PROVIDED MATERIAL:
-.-.-
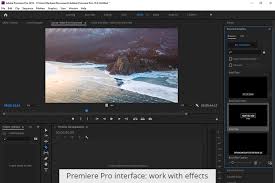 It is new in town. Premiere Rush Vs Pro 2020 What Software Is Better Freebies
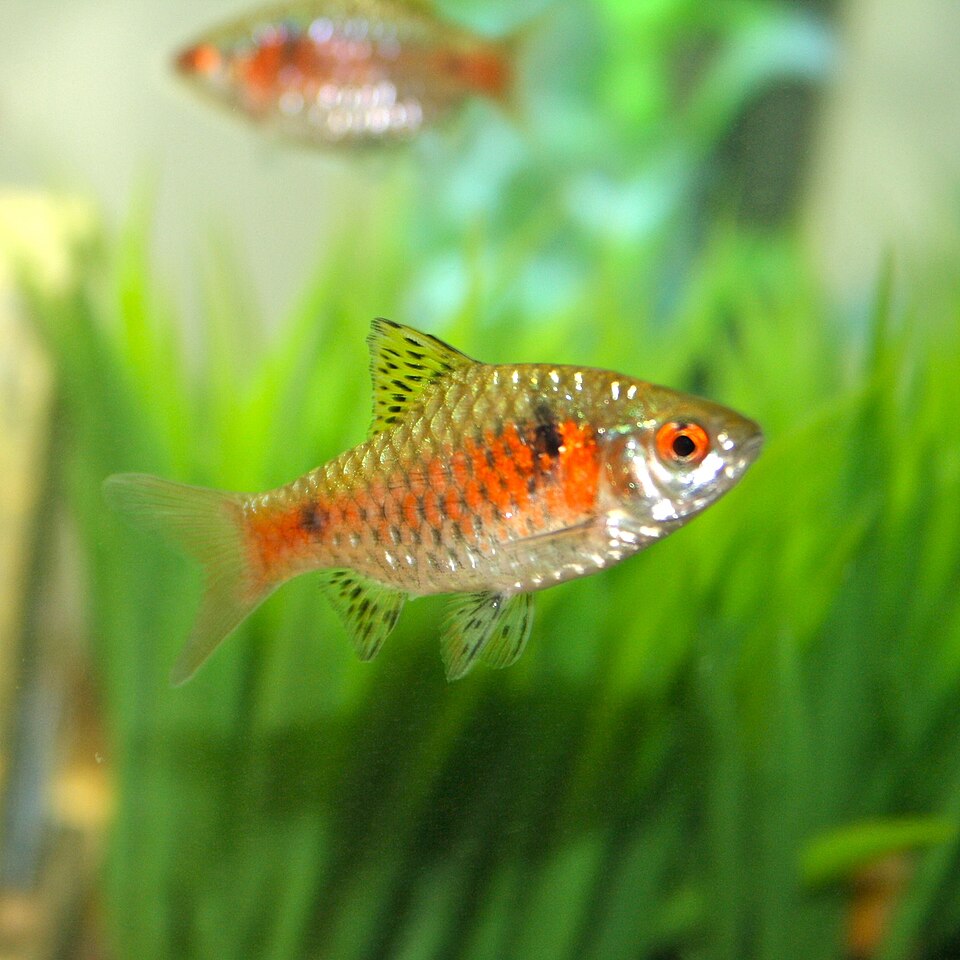 Odessa Barb
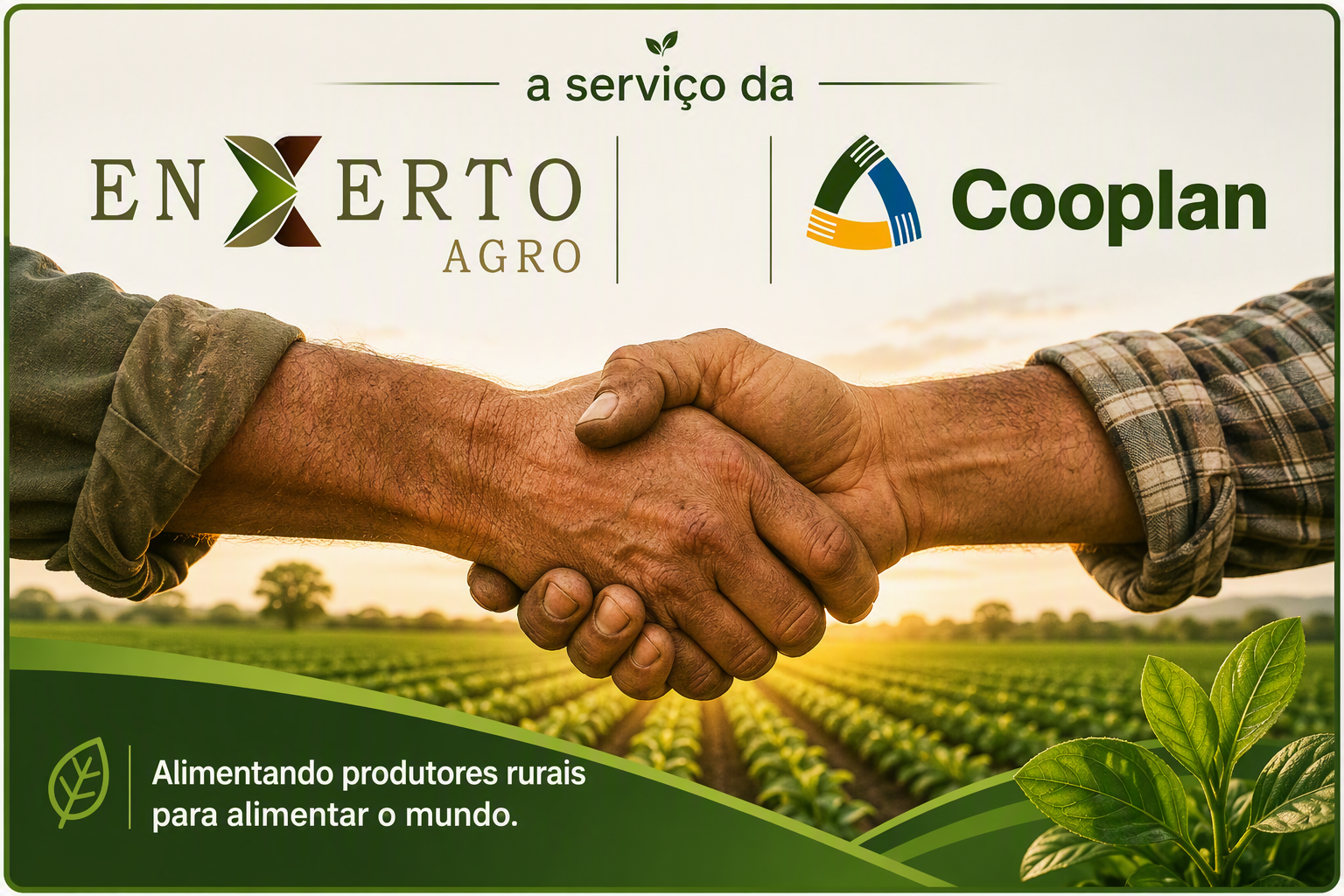 Parceria Enxerto Agro e COOPLAN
-.-.-
EXERCISE GOAL: Pictures aside, give the data again exactly as it appears.

REPLY TO THE TASK:
 It is new in town. Premiere Rush Vs Pro 2020 What Software Is Better Freebies
 Odessa Barb
 Parceria Enxerto Agro e COOPLAN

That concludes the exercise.